Il serait tentant de chercher une définition du Queer. Si, précisément, il n'y en a pas, c'est en raison du caractère subversif de cette théorie, comme l'affirme ses promoteurs. Donner une définition, c'est fixer une idée ou un objectif. Dans ce concept, rien n'est fixé. On peut dire qu'il s'agit d'un mouvement subversif dont l'objectif est de reformuler les rapports homme/femme dans la société, non plus en fonction de leur identité masculine ou féminine, mais en fonction de leur volonté et de leur désir souverains.
D'une certaine manière, la théorie Queer prolonge la théorie du Gender, ce concept apparu au Sommet de Pékin en 1995, sous l'effet de groupes de pression de féministes radicales.
D'ailleurs, pendant que l'IEP lançait cette initiative, Judith Butler en personne intervenait à Lyon à l'invitation du maire pour présenter la théorie dont elle est l'une des figures marquantes [1]. Publié aux États-Unis dans les années soixante-dix, c'est seulement en 2005 que son livre de référence est traduit en français : Trouble dans le genre. Pour un féminisme de la subversion (La Découverte).
Pour elle, si le gender consiste à définir une politique féministe qui ne soit pas fondée sur l'identité féminine, le queer déconstruit l'identité de toute personne humaine en vue de se reconstruire à partir du seul choix individuel.

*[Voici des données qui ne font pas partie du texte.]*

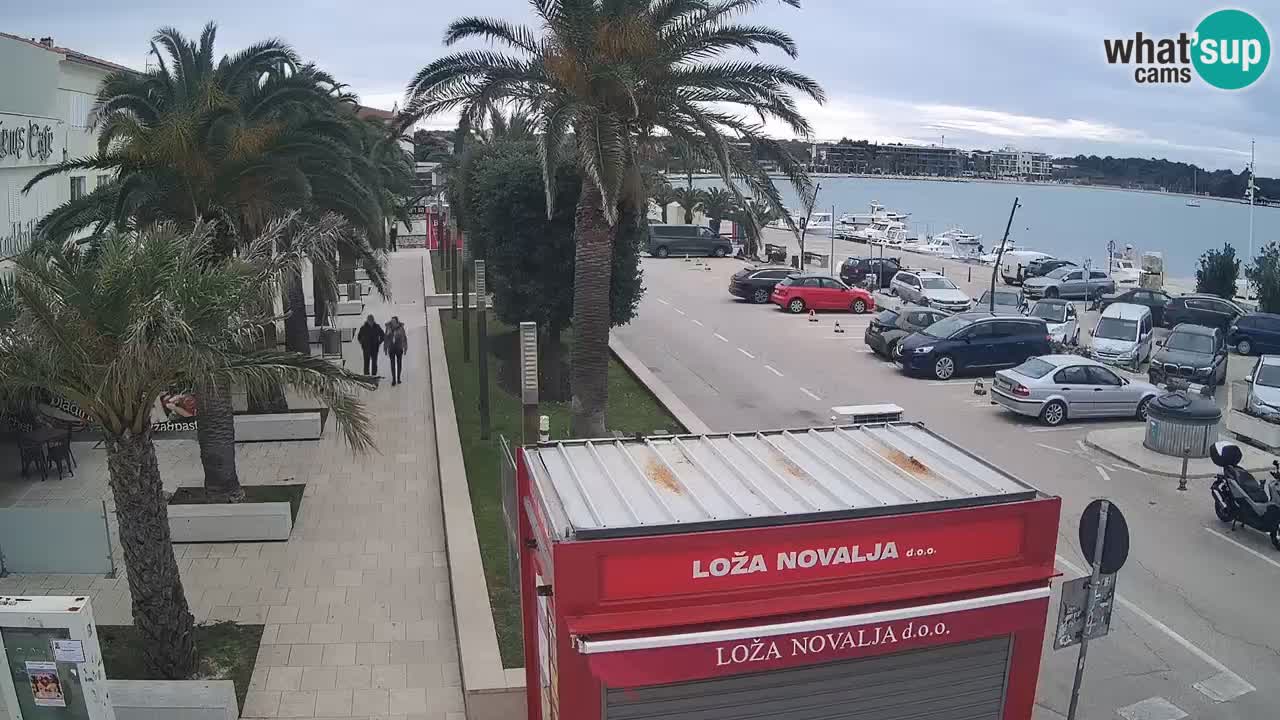 Web kamera Novalja – Obala Petra Krešimira IV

Le féminisme subversif : du féminisme radical à la théorie du gender
Judith Butler s'appuie sur les idéologies du XIXe et XXe siècle néo-marxiste, existentialiste et structuraliste pour penser le féminisme et la subversion de l'identité . Le féminisme initial adhère à l'idée que l'identité sexuelle et le genre coïncident, mais ce lien sera progressivement remis en cause car la frontière entre le masculin et le féminin est parfois floue et la société impose un rôle ou stéréotype : la femme aux tâches ménagères, l'homme à l'extérieur.

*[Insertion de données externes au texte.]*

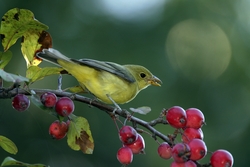 Scarlet Tanager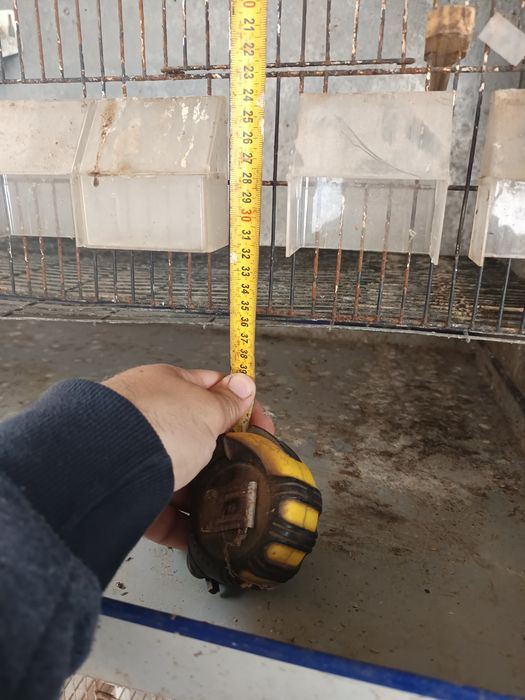 Vendo gaiola em chapa galvanizada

En outre, les féministes radicales ne sont pas satisfaites de l'égalité des sexes et de la parité. Elles prétendent que la revendication de cette égalité suppose une différence entre les sexes, or la différence entraîne l'inégalité et donc la domination, celle de l'homme sur la femme. Ce qui fait dire à Judith Butler que la définition du genre est une construction sociale et culturelle au service de la domination de l'homme sur la femme. Sa pensée exprime une dialectique entre la nature et la culture. Sa proposition : s'affranchir de la nature.
Pour sortir de l'oppression, il est nécessaire de déconstruire le genre, la famille et la reproduction.

Le genre. En premier lieu et pour le dire autrement, le genre se définit comme une option selon laquelle on choisit précisément le genre de son choix. Les gender-feminists considèrent que la différence sexuelle de l'homme et de la femme n'est pas déterminante, sauf à maintenir la domination de l'homme.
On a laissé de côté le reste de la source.